According to the complaint, Plasticon issued four press releases that stated that the company achieved profitability in the second quarters of 2005. But its filings with SEC for that quarter — filed nearly one year late on July 27, 2006, showed a net loss of $3 million on sales of $135,244. The company then lost nearly $11 million in the following quarter on sales of $135,244.
“Plasticon did not even have a bank account until February 2006,” according to the complaint.
In addition, according to the SEC complaint, the company issued eight press releases in that same time frame about a share restructuring program that would retire 200 million shares without any dilution for shareholders.

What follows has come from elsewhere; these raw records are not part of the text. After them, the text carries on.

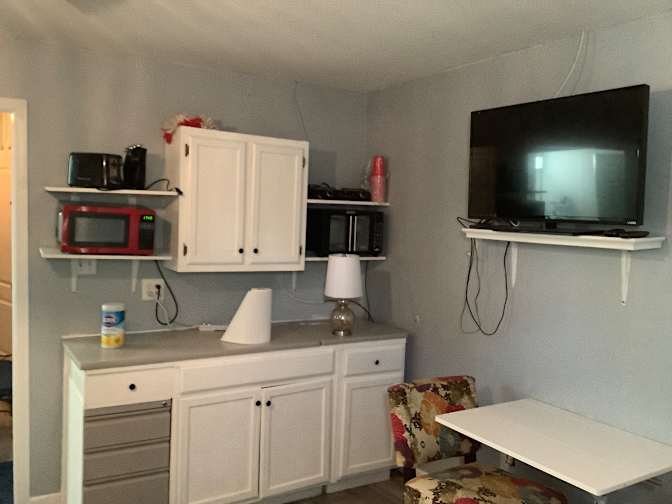 sreve's room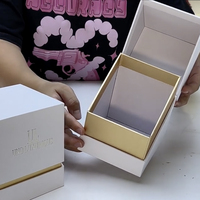 Kotak kemasan lilin putih kaku bertekstur 120gsm leher Linen warna emas buatan tangan mewah dengan sisipan busa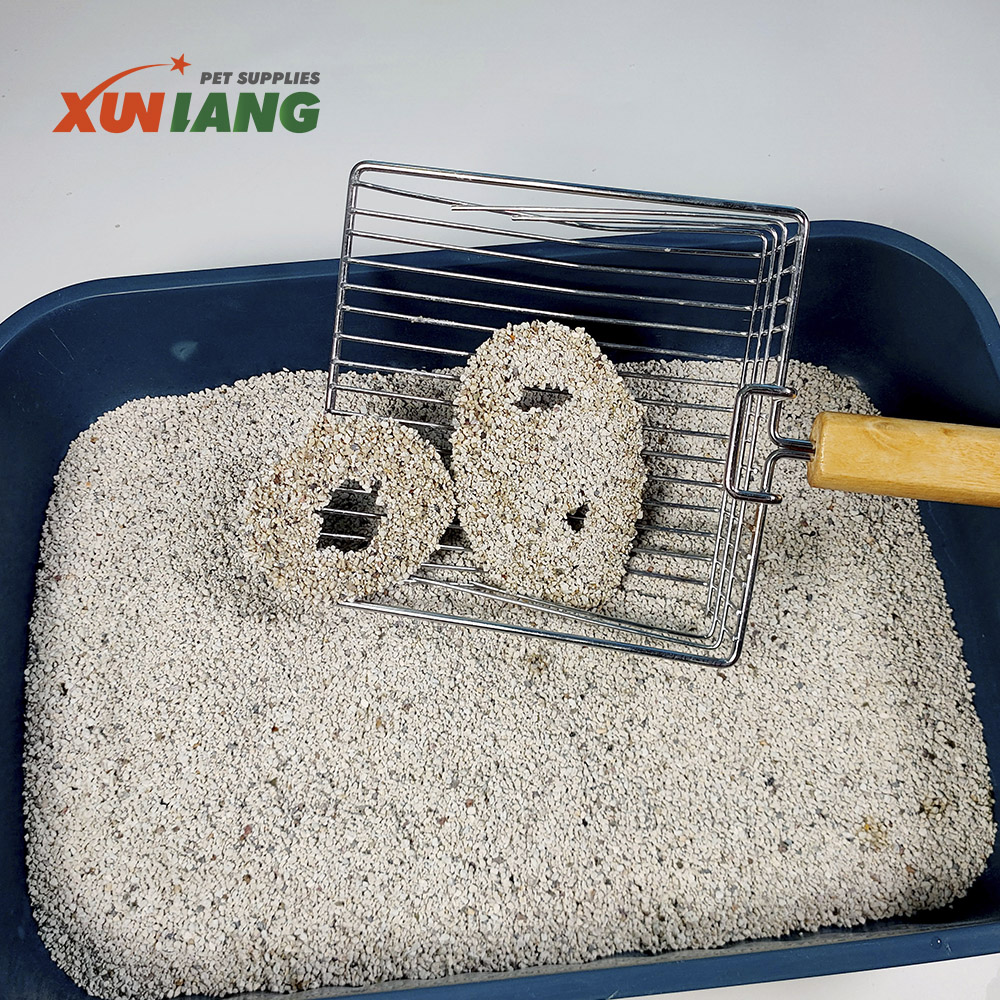 xunlangpet's tweet photo. 💥 Hot selling volcanic crushed bentonite cat litter! Fast water absorption, non-stick litter box bottom Eco friendly, biodegradable &amp;long-lasting odor control Factory direct wholesale with surprise bulk price💰

 Website: https://t.co/8YWD1HYdUv
Whatsapp/WeChat:+8618753185962 https://t.co/EUAV8cmIXc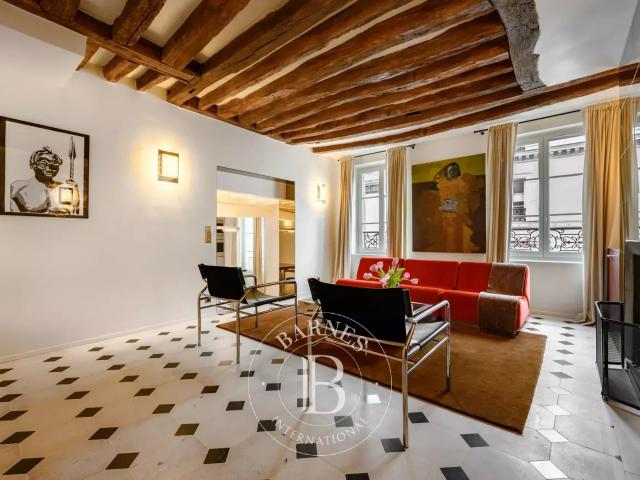 Vente appartement de prestige Paris 4 Place des Vosges 4 pièces rénové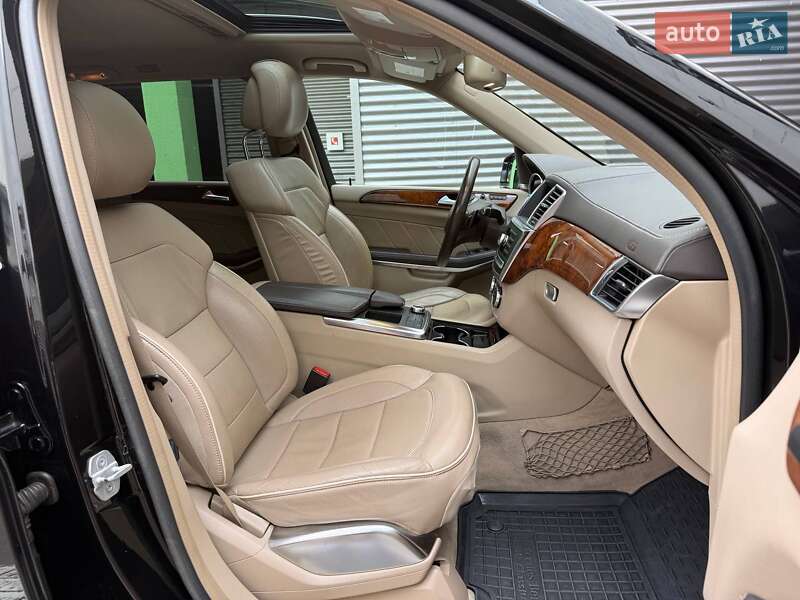 Позашляховик / Кросовер Mercedes-Benz GL-Class 2013 в Києві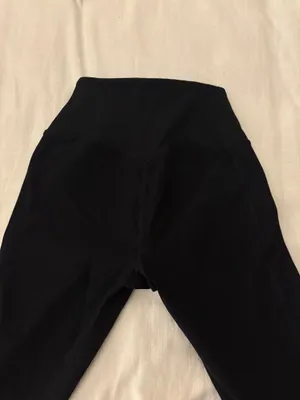 Alo Yoga Leggings thumbnail 2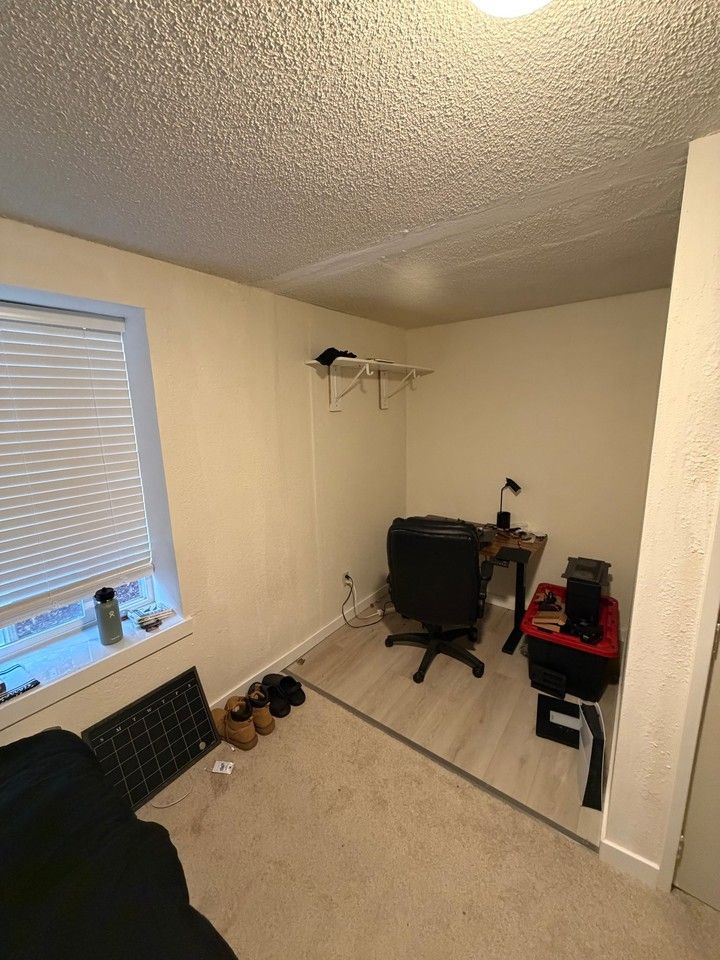 2914 Sunset Dr W - Photo 3 of 4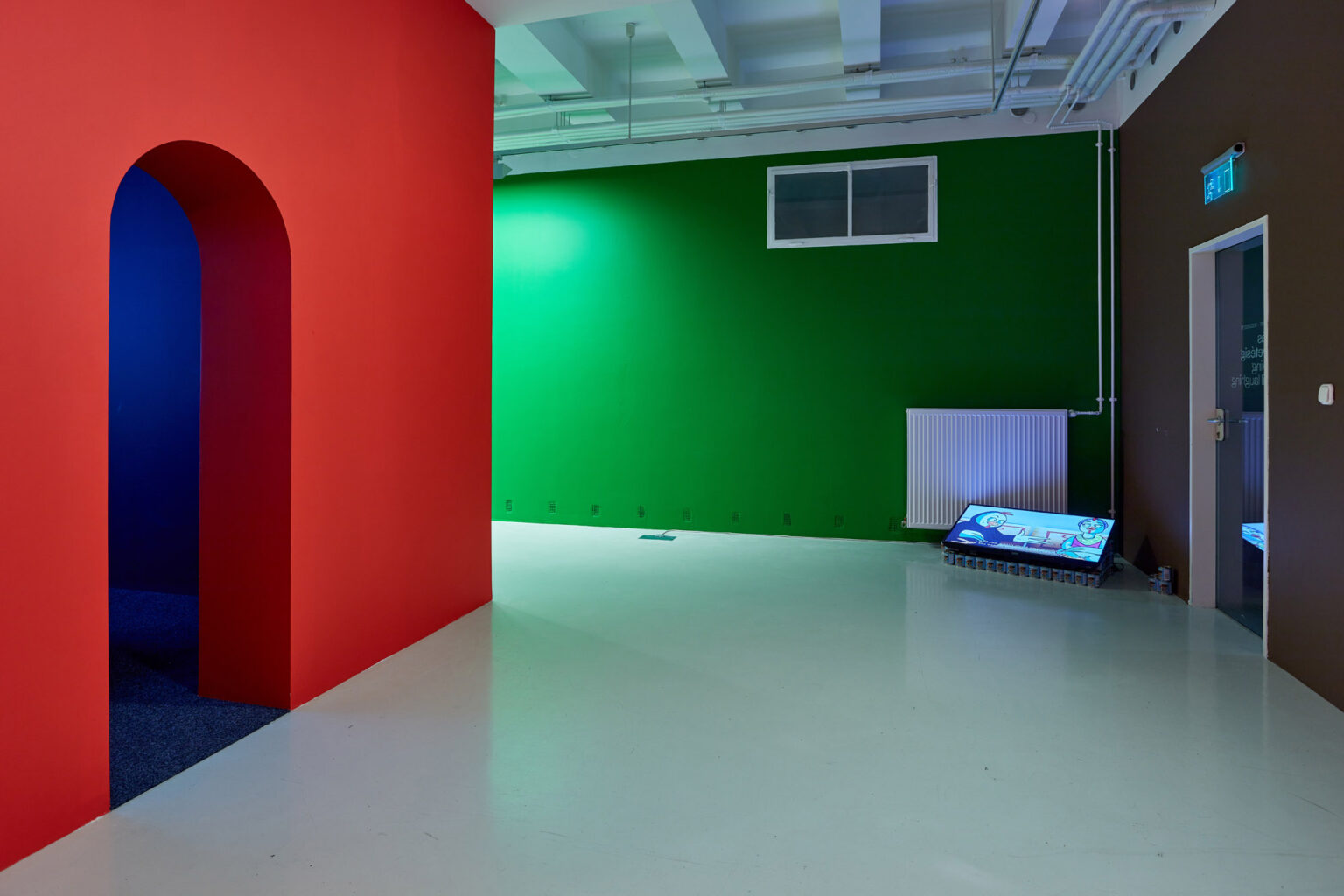 Crying until laughing/Sírás nevetésig at Trafó Gallery Art Viewer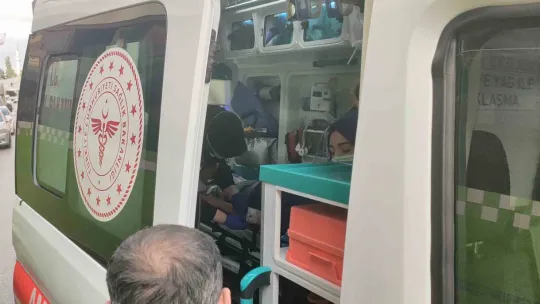 Bisikletlinin çarptığı yaya yaralandı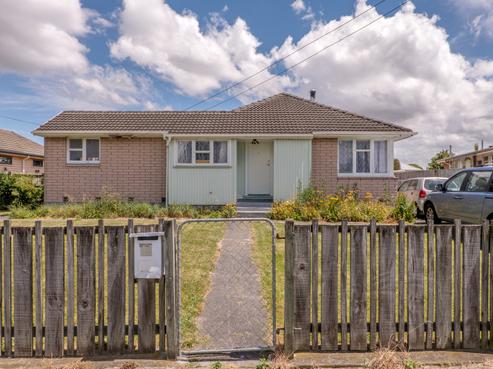15 Lambeth Crescent, Northcote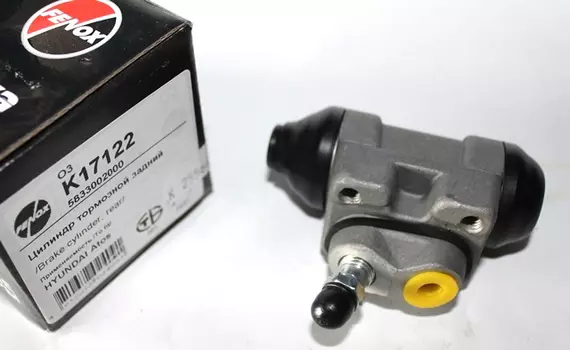 Цилиндр тормозной задний HYUNDAI Accent;Getz правый (Fenox) K17122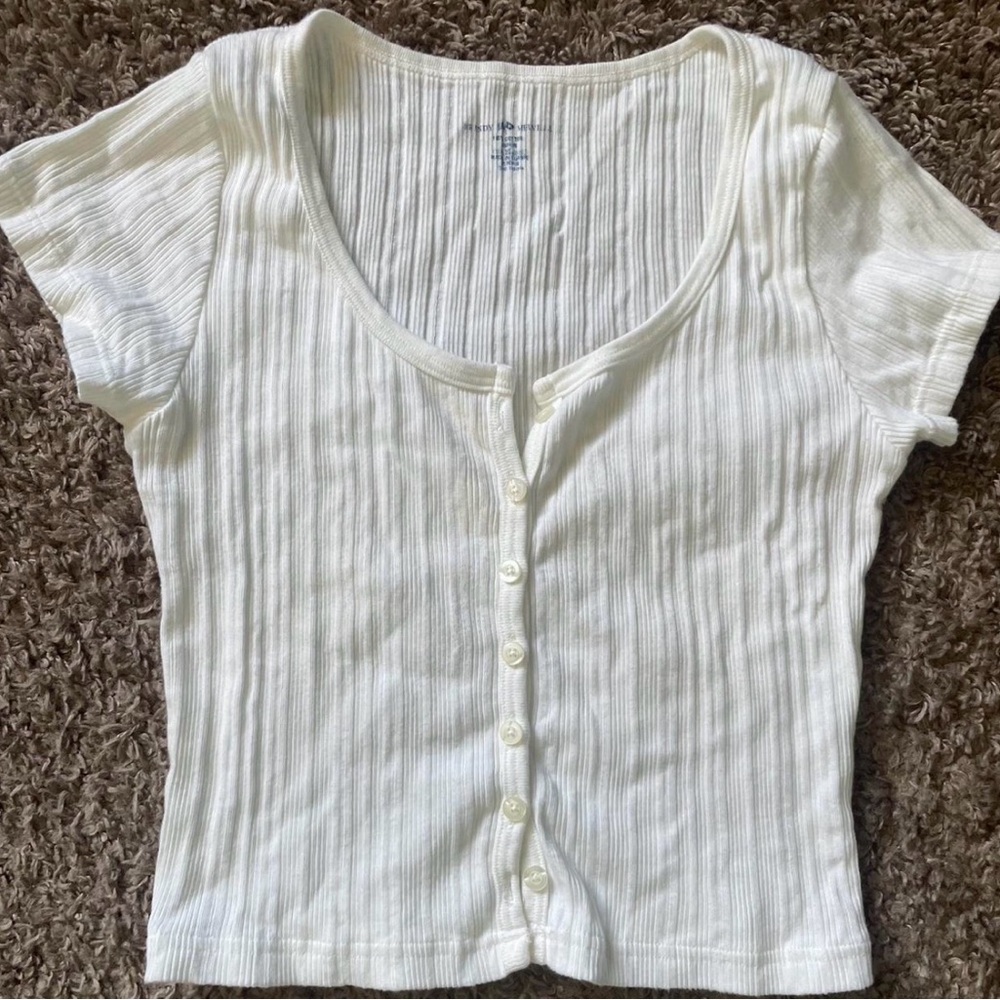 Brandy Melville Off-White Ribbed Button-Front Scoop Neck Top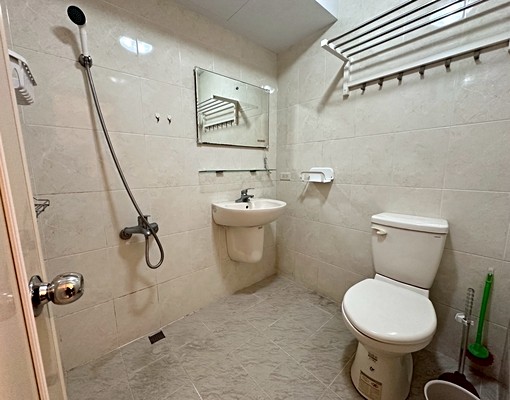 內湖🏠限女格局方正採光通風/獨立陽台洗曬/家具齊全/機能佳 - Image 6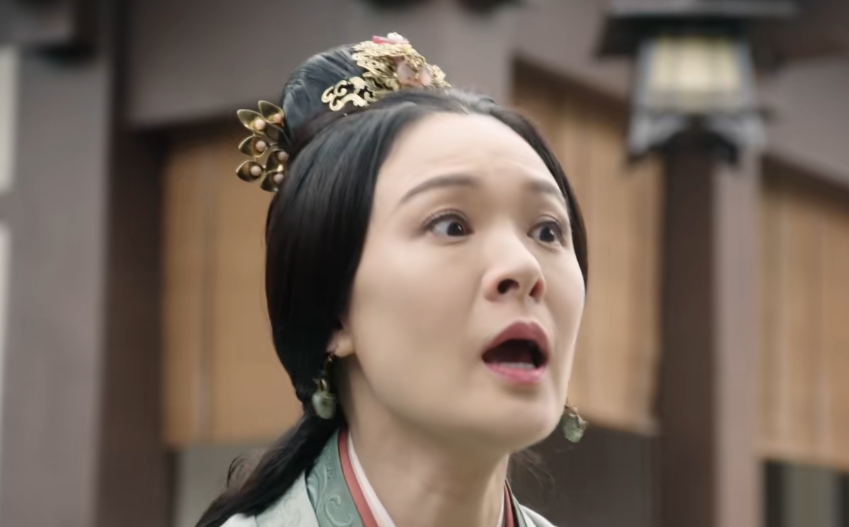 换剧如换脸，演完《甄嬛传》再演《星汉灿烂》，差点没认出陈思斯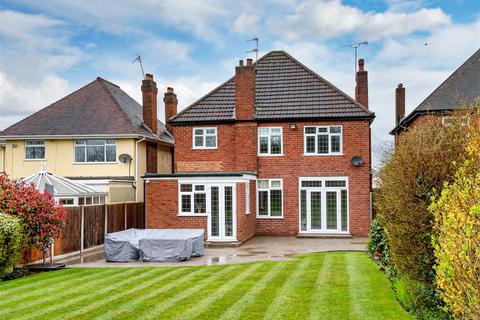4 bedroom detached house for sale, 39 Meadow Road, Finchfield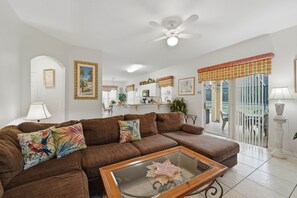 Télévision, baby-foot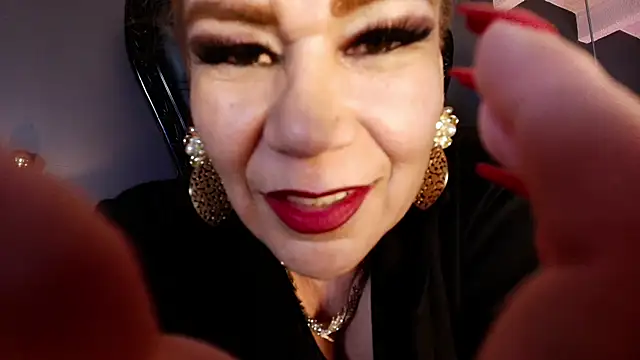 MelaniaKnauss online show from 06-11-26, 09:46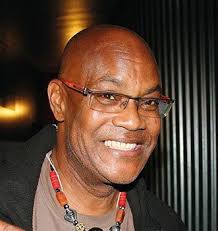 La place des Fêtes du François renommée place Dédé Saint-Prix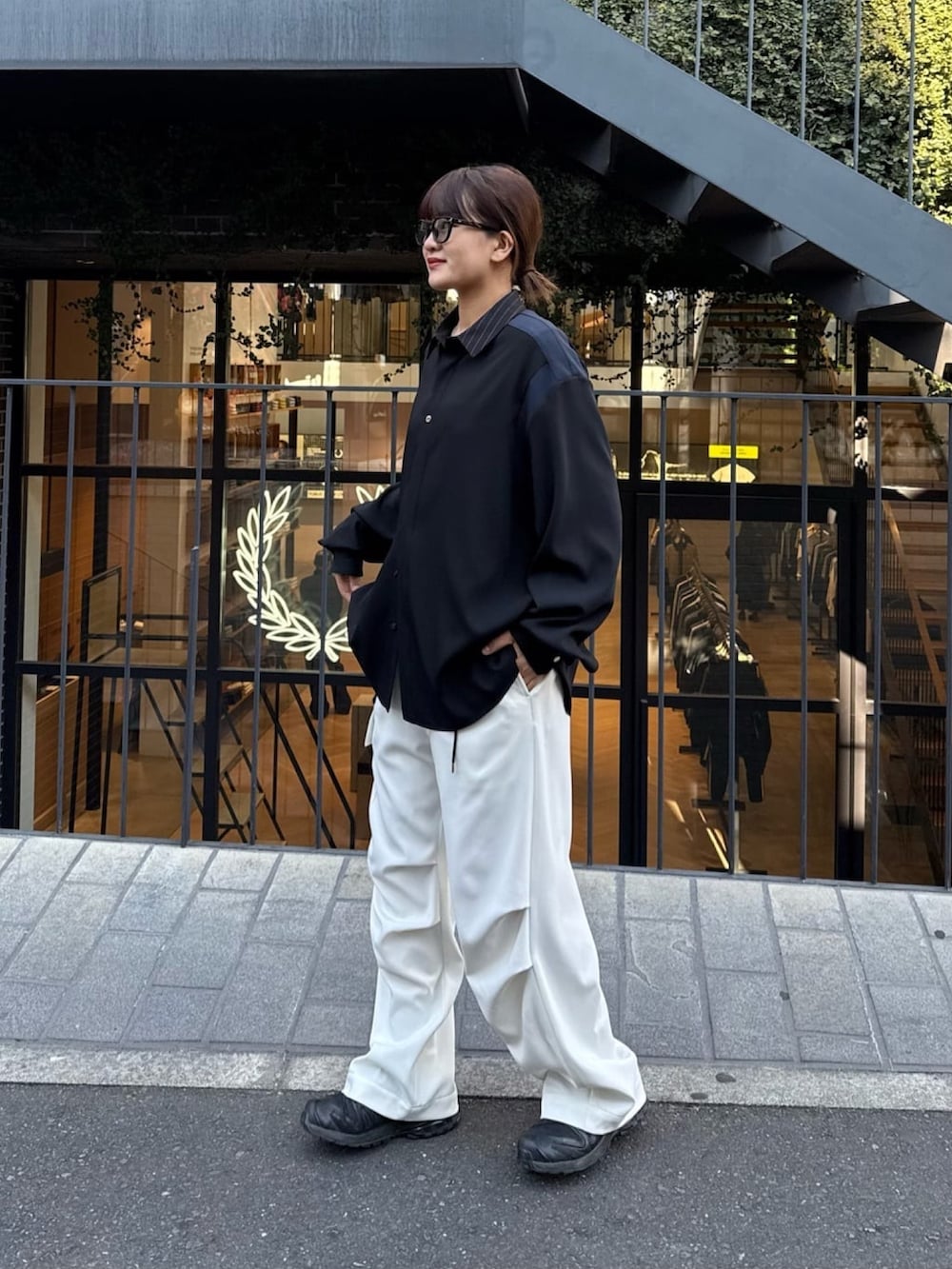 グレー系のシャツ/ブラウス、ホワイト系のカーゴパンツを着用したレディースの冬コーディネートの7枚目の写真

Instead, Plasticon actually increased the number of its shares from 6 billion in May 2006 to 9.4 billion in February 2007.
Further, the company issued press releases that it had four patents, with a combined value of between $16 million and $20 million, when, according to the complaint, “United States and Canadian patent records show that Plasticon has never owned a patent.”
“Plasticon did not own, or have rights to, any of the four patents for which it claimed ownership,” said the complaint filed with the court. “Turek himself had assigned three of those four patents to his sons” and to another company he controlled “before the press releases went out,” according to SEC. The fourth patent had lapsed a year before the first press release about the patents was issued.
The complaint filed with the court said Turek used “at least $800,000” of the proceeds raised from investors for matters related to his personal bankruptcy and that that he transferred “at least $1.8 million” to two other companies he owned or controlled — Promotional Containers Inc. and Telco Blue Inc.
SEC said Plasticon would issue shares to Turek or a third company he owned, LexReal Co. LLC, and that he and LexReal then would sell those shares a short time later to investors in exchange for cash. “Turek also ‘loaned’ some of the proceeds back to Plasticon with interest, and gave some of the proceeds to one or both of his sons,” the complaint charged.
SEC’s lawsuit seeks to obtain a “sworn accounting” of the proceeds from the securities offering, and have all the companies involved give back “all ill-gotten gains.” It also seeks a civil penalty against Turek and to bar him from serving as an officer or director of public company, and to impose a restraining order to prevent him or Plasticon from violating federal securities laws.